WAHL, Justice (dissenting).
I respectfully dissent. LeRud‘s professional liability policy provided coverage “for damages resulting from [LeRud‘s]
The plaintiffs were young, impressionable, and, for the most part, sexually naive. Typically, doctors are respected authority figures in a community. Dr. LeRud was no exception. * * * All of the incidents occurred in Dr. LeRud‘s offiсe or at the local hospital. All of the incidents occurred when plaintiffs were alone with Dr. LeRud. All of the incidents occurred during the course of a medical examination or treatment. All of the incidents occurred solely because plaintiffs were brought to Dr. LeRud for medical examination or treatment. All of the incidents occurred within the context of a medical environment. Additionally, the doctor‘s silence surrounding each of these incidents lends credence to plaintiffs’ contentions that they believed that the doctor‘s manipulations were somehow related to their medical treatment or examination.

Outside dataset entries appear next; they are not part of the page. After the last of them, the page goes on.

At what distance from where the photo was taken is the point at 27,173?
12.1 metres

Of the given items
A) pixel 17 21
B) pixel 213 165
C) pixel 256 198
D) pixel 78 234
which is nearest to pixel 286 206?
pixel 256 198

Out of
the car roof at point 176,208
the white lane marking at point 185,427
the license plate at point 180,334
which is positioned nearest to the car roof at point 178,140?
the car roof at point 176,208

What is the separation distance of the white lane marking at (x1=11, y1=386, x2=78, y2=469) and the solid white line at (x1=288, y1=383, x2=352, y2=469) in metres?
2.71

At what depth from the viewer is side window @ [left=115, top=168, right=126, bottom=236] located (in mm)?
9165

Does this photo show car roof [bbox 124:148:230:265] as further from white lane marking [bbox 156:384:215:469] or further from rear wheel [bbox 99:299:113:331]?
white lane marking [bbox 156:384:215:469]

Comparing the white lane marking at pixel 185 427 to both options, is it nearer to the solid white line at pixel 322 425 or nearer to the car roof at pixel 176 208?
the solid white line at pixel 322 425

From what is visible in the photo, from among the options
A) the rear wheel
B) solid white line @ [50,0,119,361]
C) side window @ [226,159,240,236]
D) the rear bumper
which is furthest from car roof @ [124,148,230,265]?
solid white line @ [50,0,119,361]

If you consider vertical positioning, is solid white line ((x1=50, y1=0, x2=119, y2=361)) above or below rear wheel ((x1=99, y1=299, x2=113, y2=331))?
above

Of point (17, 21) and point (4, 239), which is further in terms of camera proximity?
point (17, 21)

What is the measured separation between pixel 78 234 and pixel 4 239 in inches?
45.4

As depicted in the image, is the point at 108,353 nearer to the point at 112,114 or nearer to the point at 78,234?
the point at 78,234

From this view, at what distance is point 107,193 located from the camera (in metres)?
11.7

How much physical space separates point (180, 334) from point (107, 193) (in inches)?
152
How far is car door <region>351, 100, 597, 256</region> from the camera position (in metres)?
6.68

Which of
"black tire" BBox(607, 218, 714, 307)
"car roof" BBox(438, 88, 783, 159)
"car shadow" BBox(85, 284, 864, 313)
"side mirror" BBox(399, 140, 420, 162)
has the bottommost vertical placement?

The essence of plaintiffs’ claims is that LeRud, as a physician, during treatment, dеparted from proper standards of medical practice, thereby causing them damage. To these boys, with their limited knowledge of medicine and sexuality, the physical manipulation that occurred was inseparably relatеd to LeRud‘s provision of medical treatment. The policy language, “damages resulting from * * * providing * * * of professional services,” is ambiguous, at least to the extent that it includes the situation where a physician, acting as a medical authority within the context of a medical environment, sexually abuses vulnerable patients during the provision of those professional services. On this ground I would affirm the trial court‘s determination of coverage.
The insurer‘s argument that a finding of cоverage under the policy for sexual abuse of patients during the course of medical treatment also necessitates a finding of coverage for monetary extortion by the physician during medical treatment is without merit. Monetаry extortion is in no way related to medical treatment. The sexual abuse in this case was physical manipulation, which is closely related to what physicians may do in the course of medical treatment, at least from the perspective of innocent patients.
The insurer could have specifically excluded claims resulting from “wilful acts” by the insured, as it did in LeRud‘s professional office liability protection policy. The insurer could have specifically exсluded “loss resulting from any dishonest or illegal act” by the insured, as it did in LeRud‘s medical equipment insurance policy. It chose to do neither. Under Minnesota law, any exemptions to coverage must be clearly expressed in the insurance рolicy involved. Aetna Insurance Co. v. Getchell Steel Treating Co., 395 F.2d 12 (8th Cir. 1968). If a clear expression of exemption is lacking, we must interpret any doubt or ambiguity as to what was intended under a policy in favor of coverage. Orren v. Phoenix Insurance Co., 288 Minn. 255, 179 N.W.2d 166 (1970). I would affirm the decision of the trial court.
YETKA, Justice (dissenting).
I join in the dissent of Justice Wahl.
SIMONETT, Justice (dissenting).
I join in the dissent of Justice Wahl. If the patient goes to the doctor‘s office for the sole purpose of treatment and if the patient is unaware that some of the doctor‘s conduct occurring during the course of treatment is aberrant, then, it seems to me—in the absence of a policy exclusion—that the doctor‘s misconduct arises out of the services he undertook to provide.